For example, my 6-year-old son has often said when he grows up he is going to invent a machine that makes him become a kid again or he’s going to time travel or become a super hero that does X, Y, or Z. When he first started voicing these lofty goals, I wasn’t sure how to react. My first thought was, “that’s probably not going to happen, buddy” but I didn’t say that out loud. Instead I’d try my best to encourage him, even if I felt like his ideas weren’t based in reality, but it was a struggle for me. Was I doing the right thing?

Pickert says:

Before you move to stop your children from trying to do the impossible, take a breath and remember what your job is: to mentor and support, to brainstorm and listen, to remind and reflect. Your job isn’t to step in and tell them their ideas won’t work and their plans are doomed.
Remind yourself:
You don’t know what your kid can do.

One example shared in the article is about a child who wants to write a novel and have it published by a real publisher.
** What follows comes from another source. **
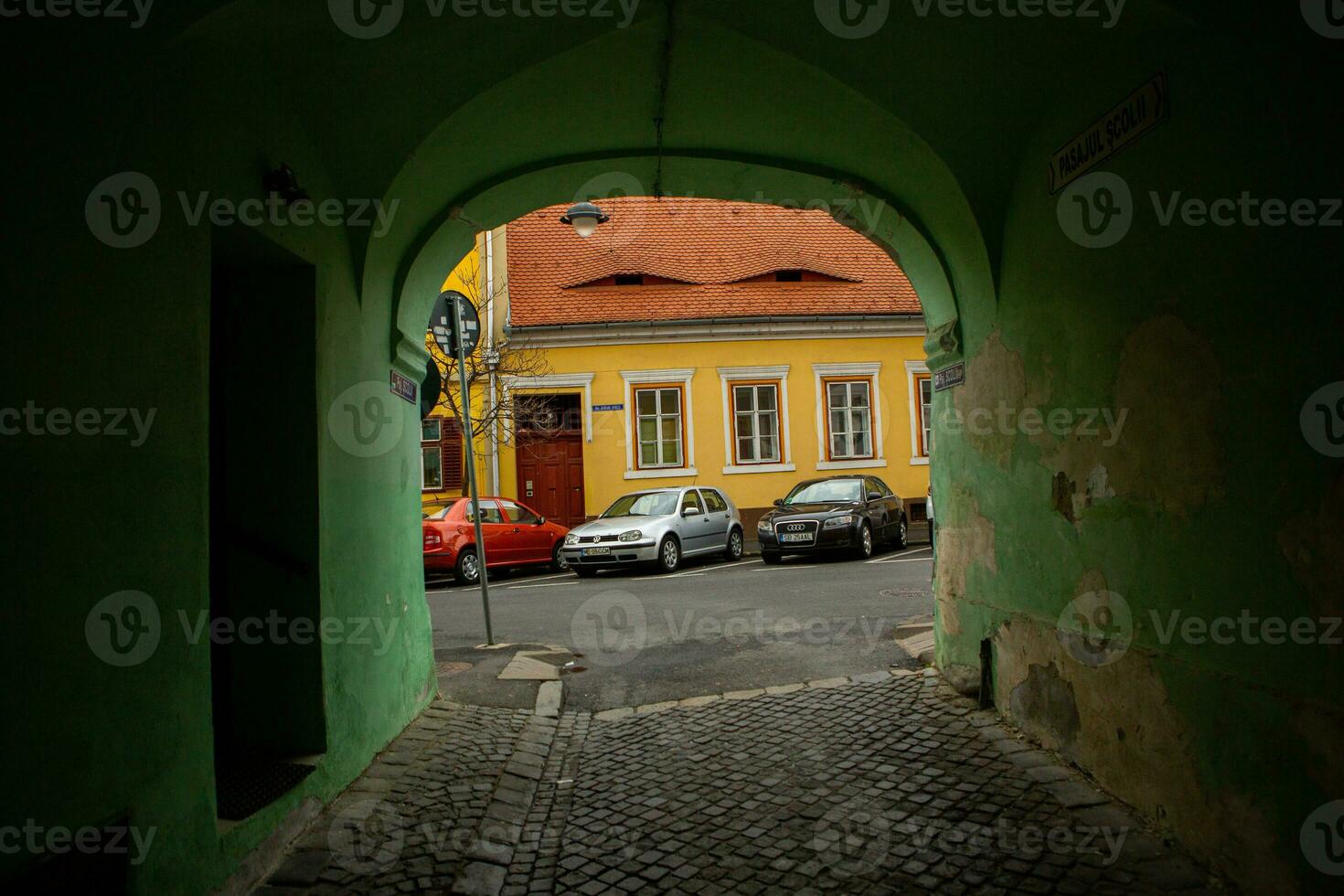 Medieval street with historical buildings in the heart of Romania. Sibiu the eastern European citadel city. Travel in Europe photo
Something similar came up for my daughter a few years ago. Unfortunately, I hadn’t figured this all out yet and rather than encouraging her and then (potentially, but who knows?!) see her fail, I thought I was being a good mom and tried to prevent disappointment by explaining how hard it would be to do or something along those lines.

Pickert points out that when you respond that way, “You haven’t prevented disappointment — you’ve only brought it from the misty future to the right now, and you also killed all the learning and skill-building that would have happened in the interim.

Choose to deliver your bad news — that her dream is statistically unlikely — and what will happen to her ambitions? What will happen to her idea of herself as a writer? Will she wait and start her writing career at 15? At twenty? Never?”

Had I encouraged her, who knows what would have happened. But I’m not beating myself up over this either. I live and learn, just like the next person. All I can do is hope to do better the next time.

There are a lot of great examples and quotes in Pickert’s article (and comments following it). So many that I want to quote here, but I will just recommend that you click over and read it yourselves. If you have a big dreamer in your life, it is worth the read.

You cannot predict the path an authentic, self-motivated learner is going to take. When you guess — and then decide to go ahead and pull the plug because you know it won’t work out — you eliminate all the learning that happens along the way.

It really goes along with the quote by Ralph Waldo Emerson, “Life is a journey, not a destination.” The journey is all about the learning, the trials and tribulations, the mistakes and the triumphs, the tears and the joy. When we tell our kids, “This just isn’t going to work,” we remove the opportunity for them to experience all of those things.